[Excerpted records]
***

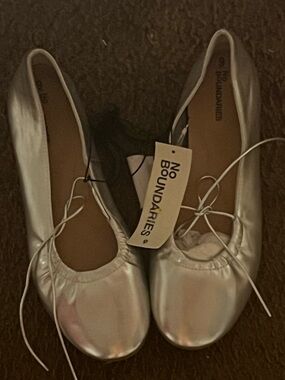 No Boundaries Metallic Silver  Flats with Bow Tie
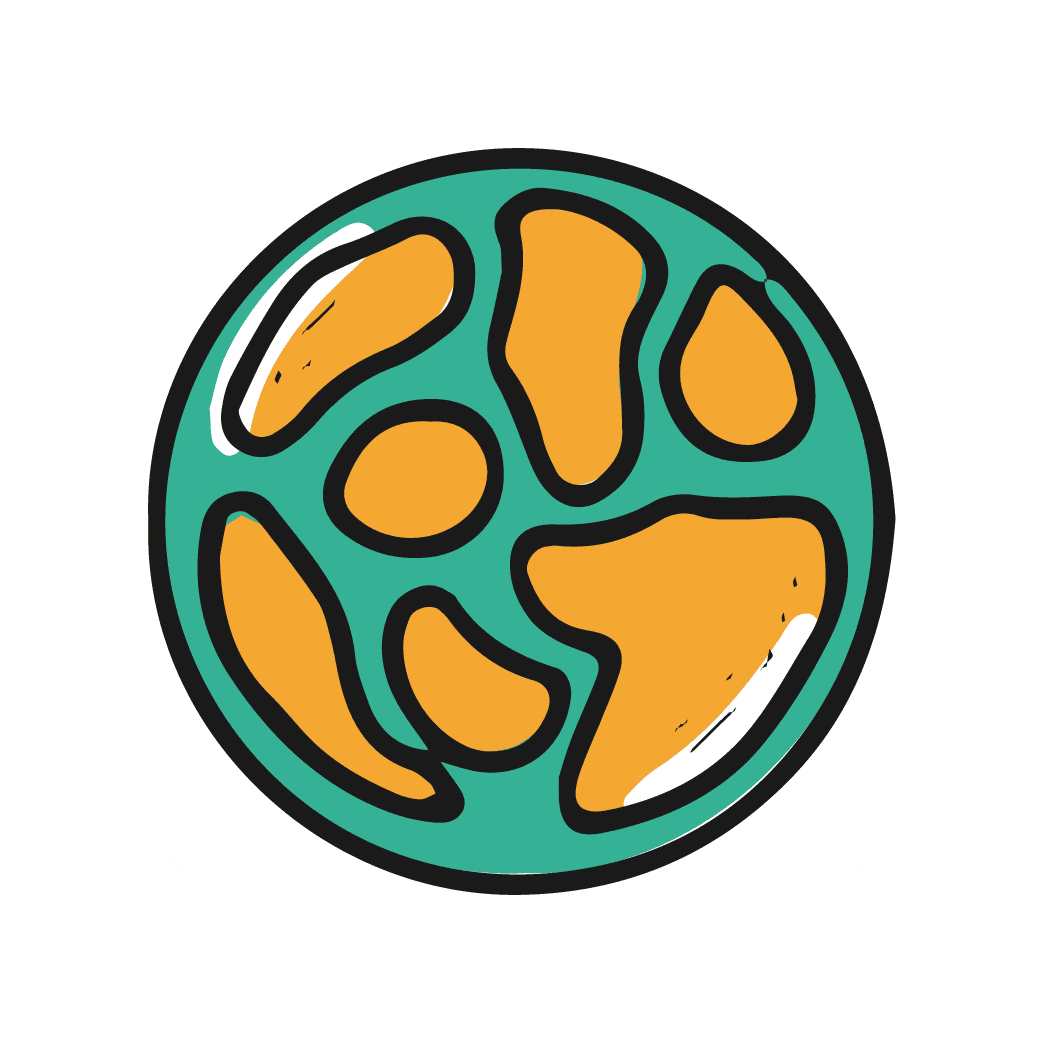 Retro Globe Sticker – Teal & Orange Earth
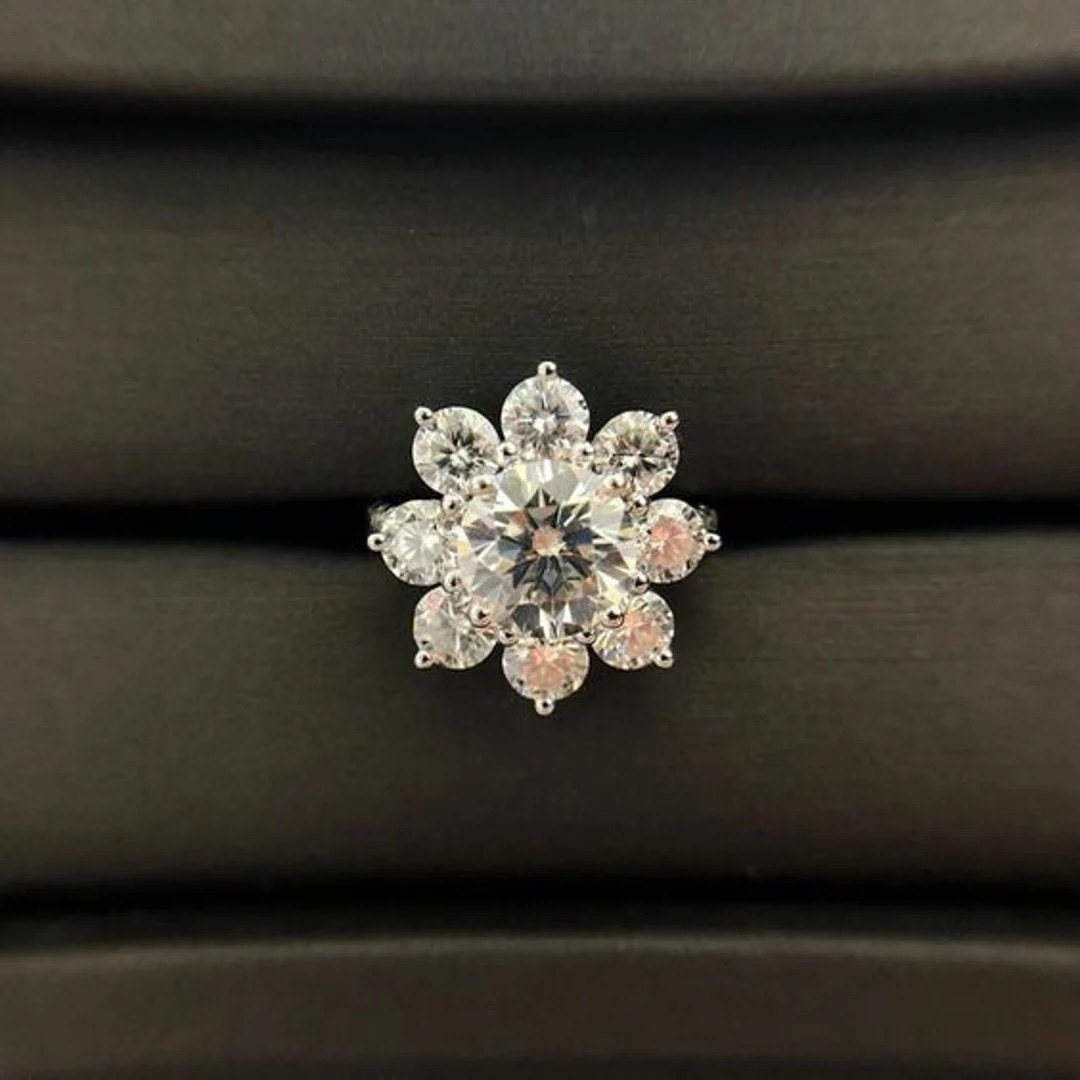 Round Brilliant Cut Flower Shape Moissanite Diamond Wedding Anniversary Proposal Ring, Women's En... | Etsy (US)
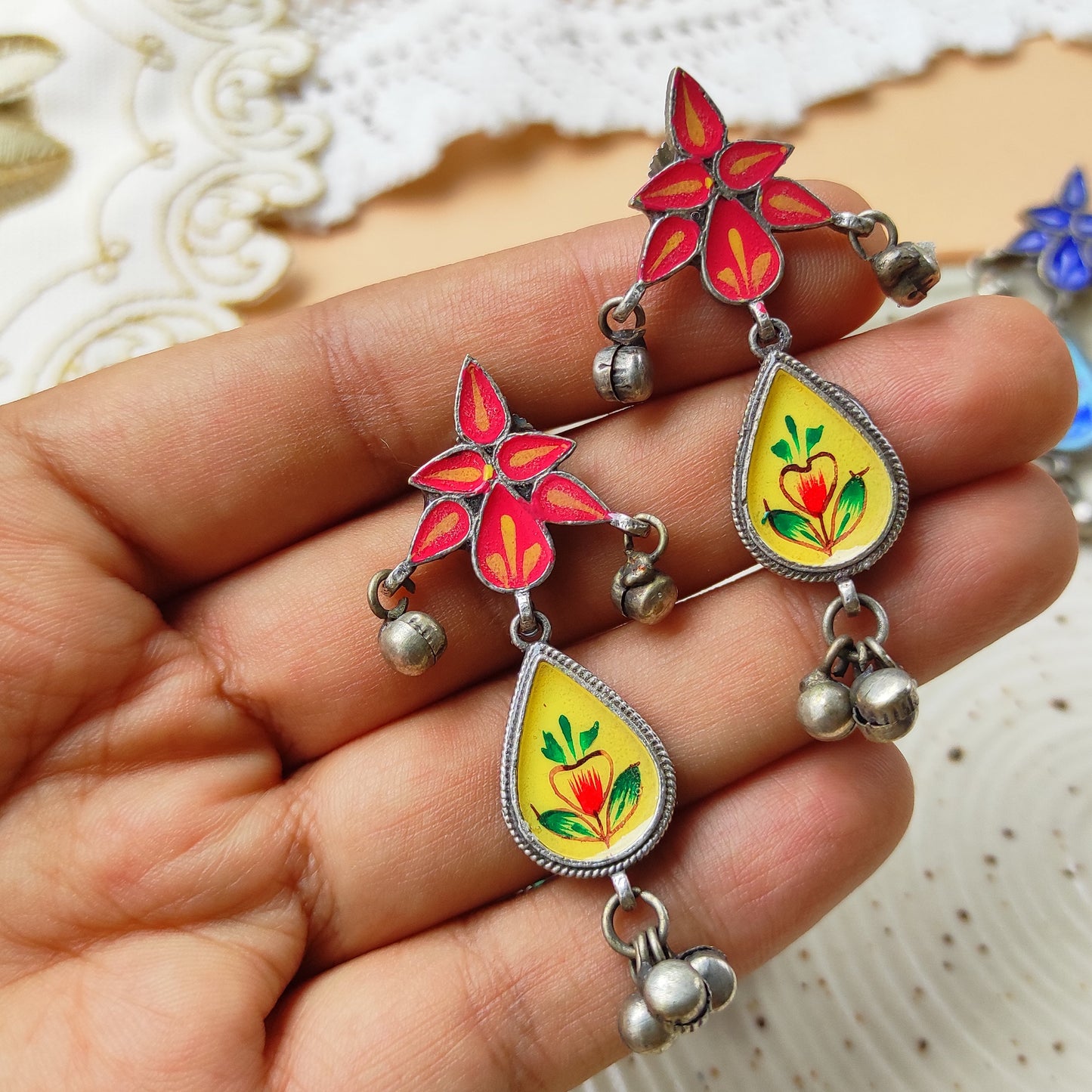 Naira hand painted ghunghru silver replica earrings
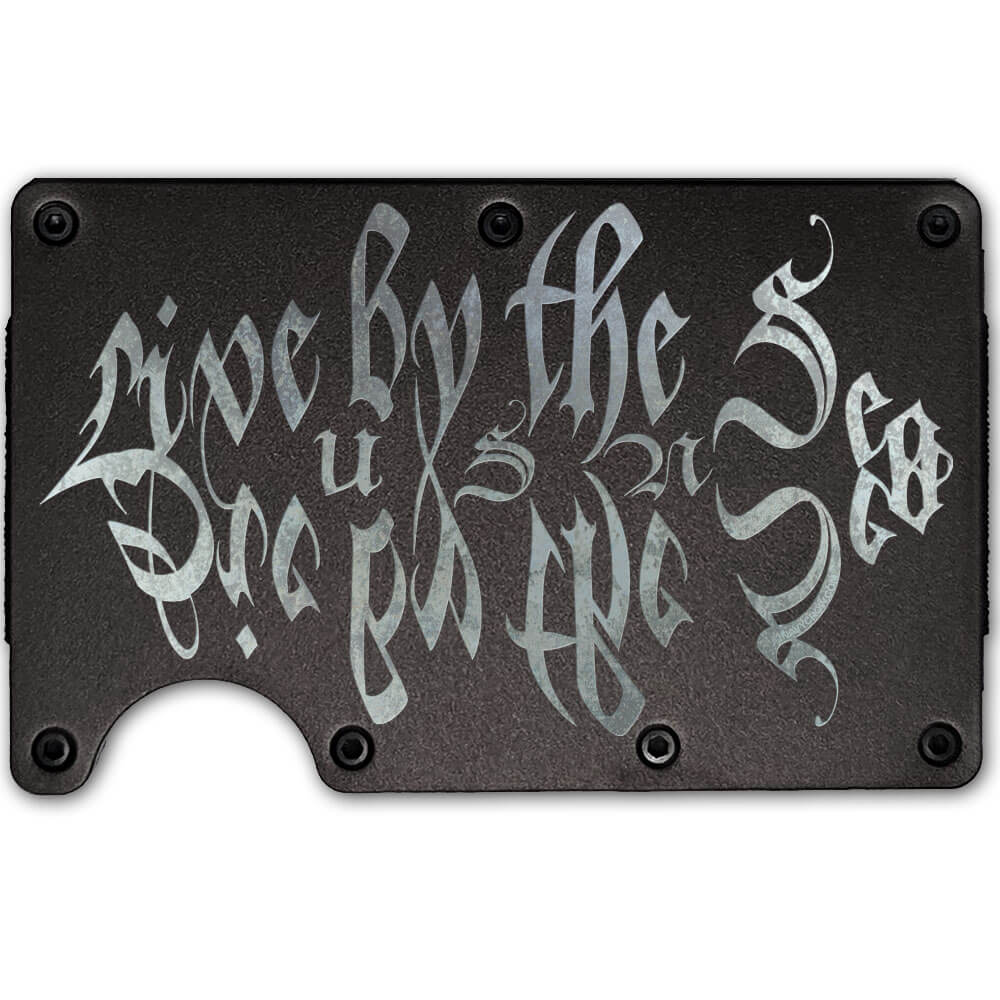 Live by the Sea Die by the Sea USA Laser Engraved Metal-Plate Cardholder Veteran Men’s Wallet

***

[Exercise directions]
Copy exactly the lines from the line containing "Retro Globe Sticker – Teal & Orange Earth" through the last line of the records, both included, and omit every picture.

[Output below]
 Retro Globe Sticker – Teal & Orange Earth
 Round Brilliant Cut Flower Shape Moissanite Diamond Wedding Anniversary Proposal Ring, Women's En... | Etsy (US)
 Naira hand painted ghunghru silver replica earrings
 Live by the Sea Die by the Sea USA Laser Engraved Metal-Plate Cardholder Veteran Men’s Wallet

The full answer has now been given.